Today, Christie and I decided to stop by a different AT&T store, which was probably a mistake, as I wasn't feeling particularly good physically, nor was I at my best emotionally. They tried to sell me an iPhone, and I told them I wasn't interested in a smartphone of any kind. They asked why, and I told them that I spent 95% of my time within three steps of a computer, and that turning that into 100% just wasn't worth $30 a month to me. He kept trying to sell me an iPhone.

I finally persuaded him that I just wanted a baseline phone to make calls with, and that reception was the biggest thing for me. He sort of waved his hand at a bank of phones and said, "They're all basically the same. It might solve your problem with reception, might not. Every phone's different."

Huh, so they're the same, and they're different? If only there were someone around who could guide me to the phone with the best reception in and around Columbia!

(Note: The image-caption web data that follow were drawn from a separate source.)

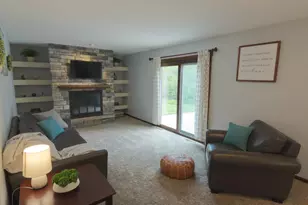 825 Garvens Ave, Brookfield, WI 53005 - Photo 12
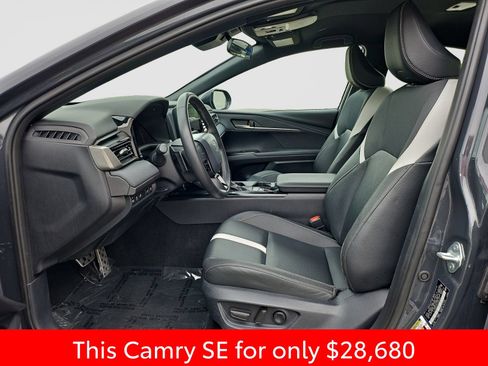 Used 2025 Toyota Camry SE FWD image 22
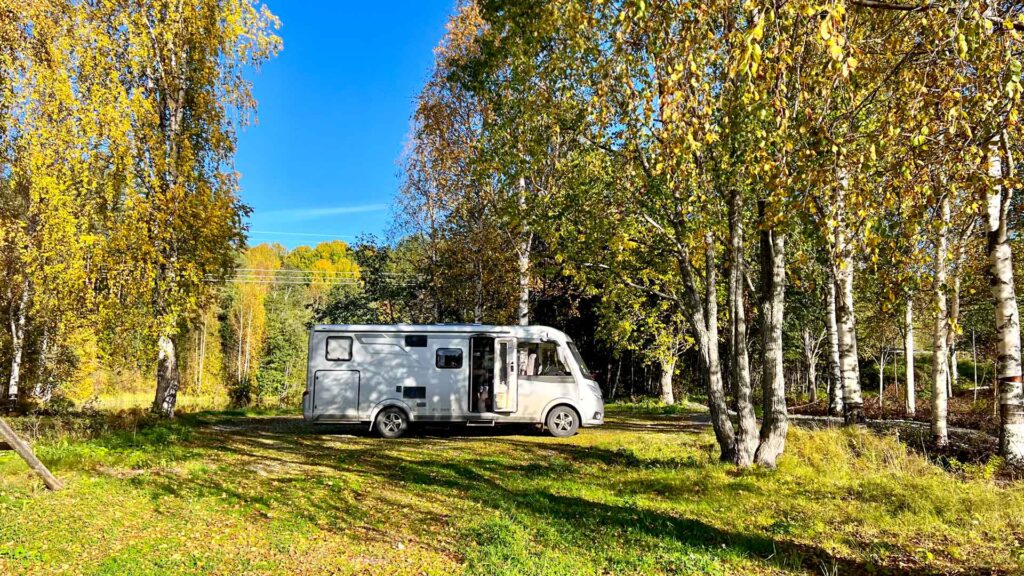 Zweden Edsele CP Hymer Exsis-i 588 Route51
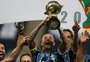 Grêmio vence Inter por 2 a 0 na Arena e conquista returno do Gauchão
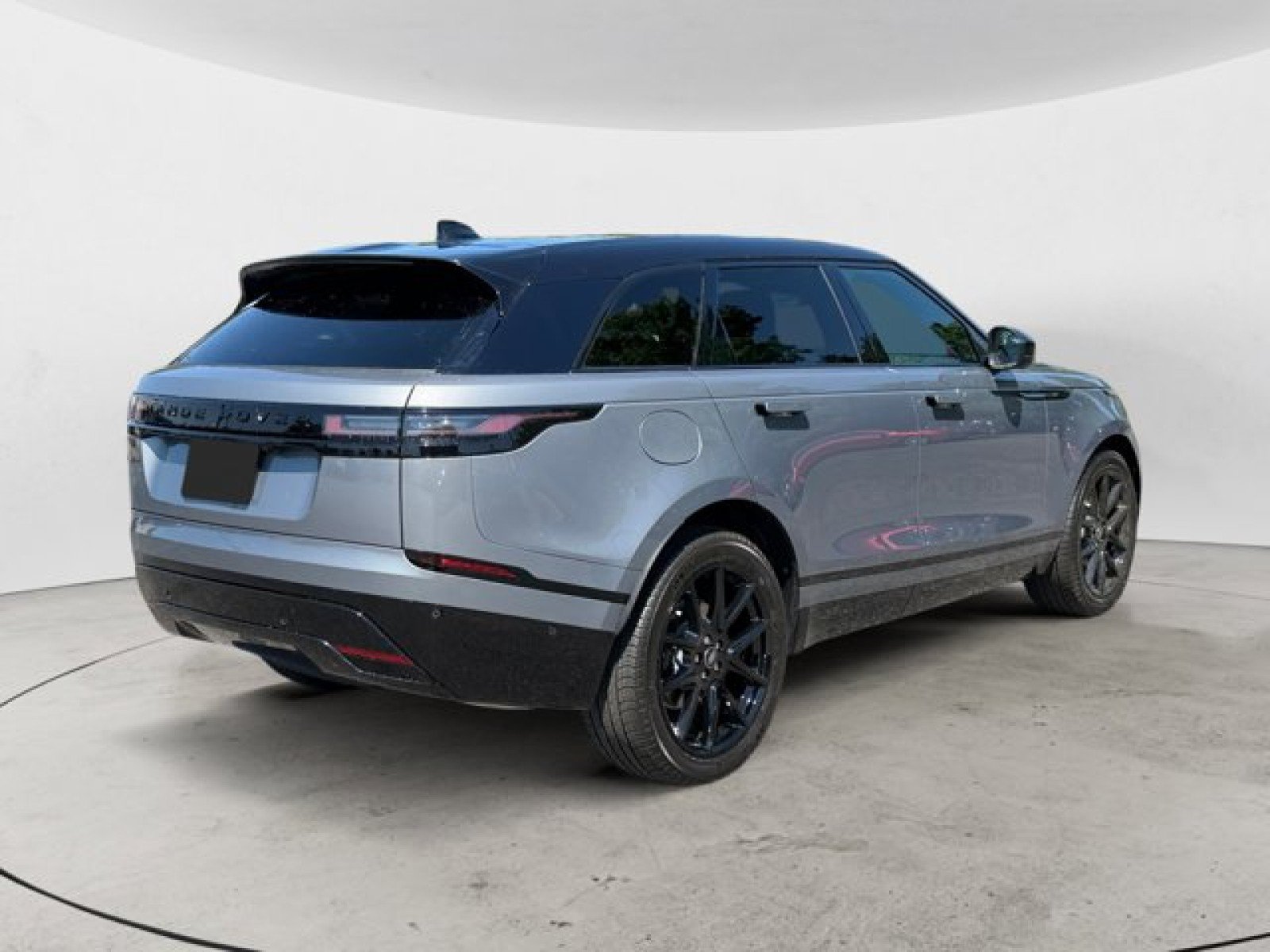 New 2026 Land Rover Range Rover Velar Dynamic SE AWD/4WD image 4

I might have been getting a little cranky at this point. Since I'd spent a fair amound of time on the website, and had seen a number of phones with "$0 with upgrade credit!" next to them, I asked him what the prices on these were like with my upgrade credit.

"Oh, these are the upgrade prices."

Either there were free/cheap phones that he didn't want to show me, or AT&T is really trying to drive traffic to their web site. There is a third possibility, I suppose, which is that the prices on the web site are dependent on a contract, and the upgrade prices in the store are not, or something along those lines. Again, if only there were some person involved in the transaction who could have given me some guidance!

So, according to the good people at the AT&T store, about two months ago, my service quality underwent a rapid decline, but the reason for this is a total mystery to everyone, and the only way I can keep the level of service that I've been paying for (paying more for, actually, since they got rid of their lower level plans and 'upgraded' us to the next one up) is to spend $80 to $100 in the hopes that things might magically get better.

The best explanation I can think of for this is that AT&T pays their people commissions on new customers, and commissions on iPhones, but there is no commission for keeping a customer who might have gone elsewhere.

Anybody know how the reception is for T-Mobile in Columbia?

Thursday, March 26, 2009

Business Idea

Christie and I are pretty much always either at home or at work. So neither of us really has any need for a smartphone. But it'd be really nice to have one during our upcoming trip to DC. ATT should start a program for occasional users where you can rent an iPhone for a week or two. Price it cheap enough to be attractive to people like Christie and I, but not so cheap that people would do it instead of buying an iPhone.

I think it'd be a win for the company, as lots of people might try them for a week and decide they can't live without it.

Family Bed to Crib

Christie and I have sometimes wondered if colic can cause PTSD, because we'll both have these moments of heart-in-our-throat feeling when we're putting little bit to bed, and the fear that we're in for a late night hits us. Last night was one of those nights, because we're laying it on the line and trying to transition her from the family bed to her crib.

Basically, when we put her to sleep at first, we lay her down in her crib, and if she wakes up and can't get herself back to sleep, we'll let her finish the night in our bed. But the goal is for her to eventually sleep all night in her crib.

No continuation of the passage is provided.